The controversy over JNU and free speech leaves me somewhat bemused.  The hypocrisy on all sides of the debate is truly astounding.  What is common to all sides is that their idea of "free" speech is not so about any principles but about "convenient" speech.  For all sides in this debate, the only "free" speech they recognize is their own right to speak, the only speech they will defend is speech they agree with and all sides will oppose any "free" speech that disagrees with their orthodoxies.  A good example is a recent essay by two of my colleagues that I have responded to in a companion post, immediately following this post.  [I wanted to include it here but as it was getting a bit long, I split it into two posts]. Read these posts together. 

As for the political parties, the less said the better.  BJP leaders haven't exactly covered themselves in glory with their ill-advised statements and actions.  The BJP is today the only politically relevant centre-right political voice in the country and this episode once again demonstrates the crying need for a center-right alternative to the BJP that will be based on libertarian principles of limited government and freedom rather than the religion-based conservatism that the BJP represents.

And then we have the Congress, which has spent the better part of its several decades of rule banning anything that any section of the population had any objection to, now suddenly masquerading as a defender of free speech!  As for the Left parties, that they can even mouth "free speech" without bursting into flames is a wonder.  It would all be comical if it weren't so tragic. 

The JNU Free Speech Controversy-2

This is a continuation of my previous post about free speech in JNU.  As I mentioned there, Happymon Jacob and A.K. Ramakrishnan, both colleagues at the School of International Studies, JNU, wrote recently in the India Express about threats to free speech in Indian universities.  They argued that what was happening to JNU was part of a pattern and that the very idea of the university was under attack.  This was rich, I thought, considering that the Left has hardly a great record as defenders of free speech.  I wrote a response to their essay and send it to the Indian Express immediately but since Indian Express has not published it, I am posting it here in full. 

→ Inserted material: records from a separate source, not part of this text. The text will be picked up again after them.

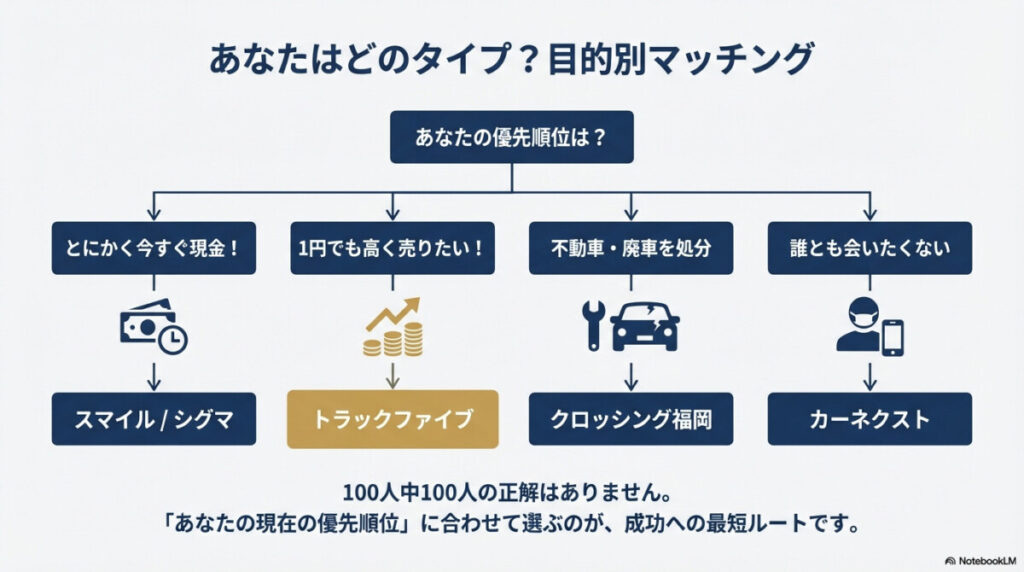 【相場より高く・早く】4タイプ別で選ぶ福岡のトラック買取マッチング提案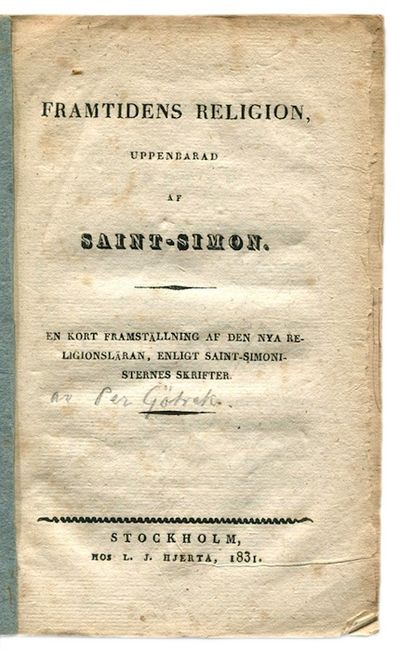 Framtidens religion, uppenbarad af Saint-Simon.…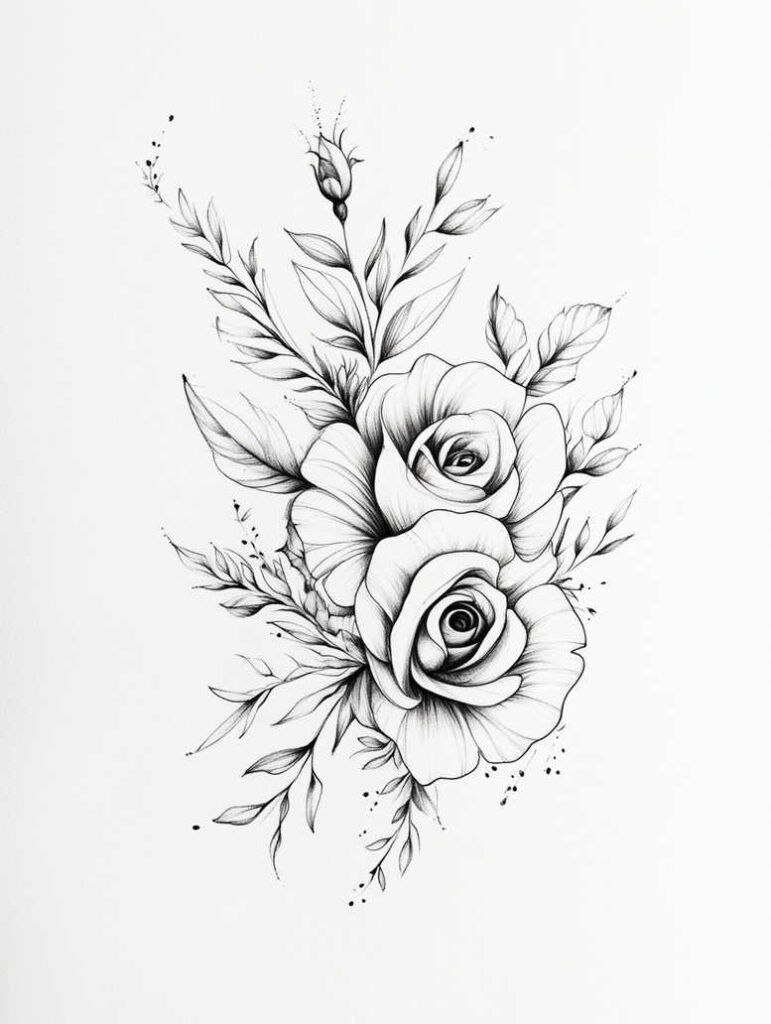 other-flowers tattoo design ideas thin line soft edges for full back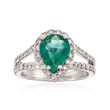 1.85 Carat Emerald and 1.00 ct. t.w. Diamond Ring in 14kt White Gold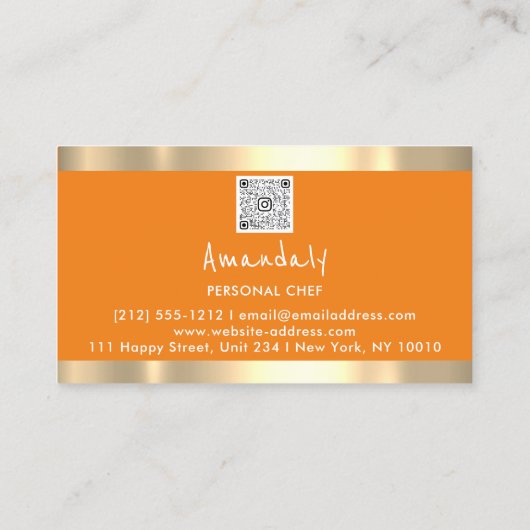 QR-code Persoonlijke Chef Cooking RestaurantFoodOr Visitekaartje (Achterkant)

JNU and the Myth of Academic Freedom

Two of my esteemed colleagues from JNU argued in these pages a few days back (Happymon Jacob and AK Ramakrishnan, “There’s A Cop in My Class”, February 27, 2016) that the very idea of the university is under threat from the BJP government, that the attack on JNU is part of larger attack on “academic spaces and intellectual freedom”.  I hold no brief for the BJP government, and I fully support the right to free speech, especially when it is speech with which I disagree (such as some of slogans that were shouted in JNU on February 9).